STRATFORD, Ont. — Yes, it can have the texture of syrup. Yes, it is
historically questionable when it comes to the allegedly real-life
story it tells. And yes, in the character of Maria, the convent reject
who changes her world and the world of those around her through the power of song, we have a young heroine who is almost too good to be true. Yet, none of this seems to matter when The Sound Of Music receives as good a production as the one that took confident possession of the Stratford’s Festival Theatre Tuesday night. No matter that Rodgers and Hammerstein’s most beloved musical continues to be done to death — indeed Stratford’s previous production was comparatively recent. No matter that it’s by no means Rodgers and Hammerstein’s best show — that honor probably belongs to the dark-hued Carousel, which is also  being mounted at the festival this summer.

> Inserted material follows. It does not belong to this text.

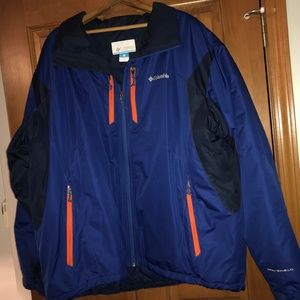 Columbia Mens Insulated Waterproof Jacket, Sz XXL, Blue/Black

But this production benefits from Donna Feore’s secure and imaginative direction, a strong visual component and some stellar performances.

Feore seems determined to find some fibre in the sugary confection that constitutes this musical. She wants to give the material more spine. American import Stephanie Rothenberg, who plays Maria, proves to be of prime importance in serving this need. On opening night you were a bit uncertain about Rothenberg at the beginning: her mannered and overly studied rendition of the title song lacked spontaneity and didn’t really jell with the image of the idyllic young postulant, stealing a few heady moments of freedom in her beloved mountains before returning to the cloisters.
But by the time Maria arrives at the widowed Captain Von Trapp’s home to take on the job of governess to his seven unruly children, Rothenberg has relaxed and is taking confident possession of her character. And with that delightfully staged moment when the militaristic-minded captain marches the youngsters on stage, and into the hearts of Maria and the audience, the show’s virtues are firmly taking hold.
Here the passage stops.